Fowler took the director’s job at PSU on May 1, 1994. He was retiring from the military with the rank of major and was the chief of police at the Presidio of San Francisco. At Portland State, he faced new challenges.

“I was hired to move the office forward into a more proactive service provider in the public-safety area than what would be considered the traditional reactive security mode,” he said. “I think we’ve done that.”

Jay Kenton, vice president for Finance and Administration and Fowler’s boss, salutes his development of the public-safety operation.

“John’s impact on the professionalization of campus-public-safety services at PSU has been legendary,” Kenton said. “He took a security unit and transformed it into one of the best campus-public-safety units in the country, which has been a model for others to emulate.

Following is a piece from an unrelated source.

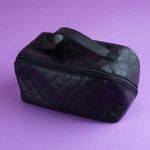 Cosmetiquera-miniso-acolchada-con-asa-negro-Miniso-6-18128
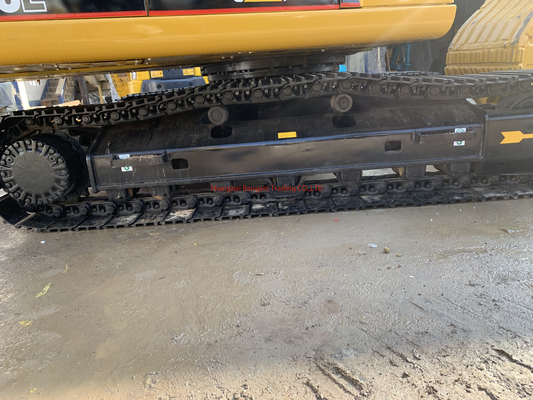 1 Excavateur Cat 320CL d'occasion avec une excellente performance et 700 heures de travail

Needless to say, John will be dearly missed.”

Under his leadership, the office has received two community-oriented policing service awards from the city. He has built close relationships with Portland police and secured access to the police database. His office won a $225,000 community-oriented policing grant that enabled him to add three more staff positions.

He transitioned the office from student-operated dispatching service to a classified staff all certified as call-takers.

He introduced the blue light stations throughout campus, where the push of a red button connects the caller immediately to public safety emergency response.

He created the position of community resource officer, with Steve Coop filling in as the first in a rotating position. This fall, Renee Nylander is rotating into the assignment.

Fowler has maintained open relations with The Vanguard and other news media. His motto continues to be, “Bad news does not get better with time.”

Fowler feels he has dealt with a lot of serious issues on campus.

“We have had no murders, but we have had bodies,” he said. “We’ve had suicides, we’ve had people fall off the roof of the Ondine. We have had some very significant behavioral issues that we have responded to appropriately.”

More than 60 people, among them PSU President Daniel Bernstine and members of the Portland Police Bureau, honored Fowler with a farewell reception Sept. 12. Soto spoke for the Portland State officer force when he said, “He made us professional. We had a vision; he had a greater vision. He empowered us. He enabled us.”

For all his dedication to duty, Fowler enjoys a lighter side of life.

“My wife says I have two mistresses,” he said. “One is my old car, which is a ’41 Plymouth that we have restored. The other is my golf game. Between my family, and work, and my golf game, and my old car, we stay pretty committed.”